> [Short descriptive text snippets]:
::::

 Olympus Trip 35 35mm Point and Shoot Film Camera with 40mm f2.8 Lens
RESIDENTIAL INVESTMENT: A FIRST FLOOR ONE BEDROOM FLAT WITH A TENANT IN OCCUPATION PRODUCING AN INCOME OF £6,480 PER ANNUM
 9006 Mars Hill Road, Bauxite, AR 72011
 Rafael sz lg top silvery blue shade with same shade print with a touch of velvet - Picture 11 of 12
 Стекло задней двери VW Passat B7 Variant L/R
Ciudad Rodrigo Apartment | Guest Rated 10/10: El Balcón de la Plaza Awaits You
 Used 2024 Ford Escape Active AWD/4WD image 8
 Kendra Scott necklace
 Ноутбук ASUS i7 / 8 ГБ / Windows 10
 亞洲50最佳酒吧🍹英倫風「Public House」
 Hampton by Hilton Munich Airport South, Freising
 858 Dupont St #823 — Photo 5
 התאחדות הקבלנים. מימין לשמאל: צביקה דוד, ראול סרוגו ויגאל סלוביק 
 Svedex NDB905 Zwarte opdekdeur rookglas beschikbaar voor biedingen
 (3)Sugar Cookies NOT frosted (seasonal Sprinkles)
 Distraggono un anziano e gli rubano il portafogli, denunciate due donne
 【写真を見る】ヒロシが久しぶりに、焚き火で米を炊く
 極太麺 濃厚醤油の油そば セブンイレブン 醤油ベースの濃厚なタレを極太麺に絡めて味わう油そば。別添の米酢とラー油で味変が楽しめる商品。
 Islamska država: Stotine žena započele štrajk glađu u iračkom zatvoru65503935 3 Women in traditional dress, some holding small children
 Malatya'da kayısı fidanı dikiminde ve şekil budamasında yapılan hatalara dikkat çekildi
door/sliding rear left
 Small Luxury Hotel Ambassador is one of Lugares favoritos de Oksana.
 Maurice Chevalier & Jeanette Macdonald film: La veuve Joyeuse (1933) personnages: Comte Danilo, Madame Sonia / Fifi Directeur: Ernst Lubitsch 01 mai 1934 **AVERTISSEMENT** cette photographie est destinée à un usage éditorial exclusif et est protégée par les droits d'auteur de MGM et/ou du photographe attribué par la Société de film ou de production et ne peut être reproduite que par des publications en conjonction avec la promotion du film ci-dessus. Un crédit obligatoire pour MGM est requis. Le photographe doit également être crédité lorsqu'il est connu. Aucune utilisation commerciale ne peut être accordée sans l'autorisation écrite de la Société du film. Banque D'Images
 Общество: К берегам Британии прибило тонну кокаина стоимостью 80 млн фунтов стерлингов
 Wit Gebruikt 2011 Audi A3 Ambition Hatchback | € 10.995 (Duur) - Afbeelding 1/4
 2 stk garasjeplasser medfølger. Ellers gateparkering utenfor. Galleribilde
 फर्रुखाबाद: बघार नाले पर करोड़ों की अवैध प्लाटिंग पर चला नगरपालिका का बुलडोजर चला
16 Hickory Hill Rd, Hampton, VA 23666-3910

::::

> [TO DO]: Restate the data above in full, word for word.

> [ANSWER TO THIS TASK]:
 Olympus Trip 35 35mm Point and Shoot Film Camera with 40mm f2.8 Lens
RESIDENTIAL INVESTMENT: A FIRST FLOOR ONE BEDROOM FLAT WITH A TENANT IN OCCUPATION PRODUCING AN INCOME OF £6,480 PER ANNUM
 9006 Mars Hill Road, Bauxite, AR 72011
 Rafael sz lg top silvery blue shade with same shade print with a touch of velvet - Picture 11 of 12
 Стекло задней двери VW Passat B7 Variant L/R
Ciudad Rodrigo Apartment | Guest Rated 10/10: El Balcón de la Plaza Awaits You
 Used 2024 Ford Escape Active AWD/4WD image 8
 Kendra Scott necklace
 Ноутбук ASUS i7 / 8 ГБ / Windows 10
 亞洲50最佳酒吧🍹英倫風「Public House」
 Hampton by Hilton Munich Airport South, Freising
 858 Dupont St #823 — Photo 5
 התאחדות הקבלנים. מימין לשמאל: צביקה דוד, ראול סרוגו ויגאל סלוביק 
 Svedex NDB905 Zwarte opdekdeur rookglas beschikbaar voor biedingen
 (3)Sugar Cookies NOT frosted (seasonal Sprinkles)
 Distraggono un anziano e gli rubano il portafogli, denunciate due donne
 【写真を見る】ヒロシが久しぶりに、焚き火で米を炊く
 極太麺 濃厚醤油の油そば セブンイレブン 醤油ベースの濃厚なタレを極太麺に絡めて味わう油そば。別添の米酢とラー油で味変が楽しめる商品。
 Islamska država: Stotine žena započele štrajk glađu u iračkom zatvoru65503935 3 Women in traditional dress, some holding small children
 Malatya'da kayısı fidanı dikiminde ve şekil budamasında yapılan hatalara dikkat çekildi
door/sliding rear left
 Small Luxury Hotel Ambassador is one of Lugares favoritos de Oksana.
 Maurice Chevalier & Jeanette Macdonald film: La veuve Joyeuse (1933) personnages: Comte Danilo, Madame Sonia / Fifi Directeur: Ernst Lubitsch 01 mai 1934 **AVERTISSEMENT** cette photographie est destinée à un usage éditorial exclusif et est protégée par les droits d'auteur de MGM et/ou du photographe attribué par la Société de film ou de production et ne peut être reproduite que par des publications en conjonction avec la promotion du film ci-dessus. Un crédit obligatoire pour MGM est requis. Le photographe doit également être crédité lorsqu'il est connu. Aucune utilisation commerciale ne peut être accordée sans l'autorisation écrite de la Société du film. Banque D'Images
 Общество: К берегам Британии прибило тонну кокаина стоимостью 80 млн фунтов стерлингов
 Wit Gebruikt 2011 Audi A3 Ambition Hatchback | € 10.995 (Duur) - Afbeelding 1/4
 2 stk garasjeplasser medfølger. Ellers gateparkering utenfor. Galleribilde
 फर्रुखाबाद: बघार नाले पर करोड़ों की अवैध प्लाटिंग पर चला नगरपालिका का बुलडोजर चला
16 Hickory Hill Rd, Hampton, VA 23666-3910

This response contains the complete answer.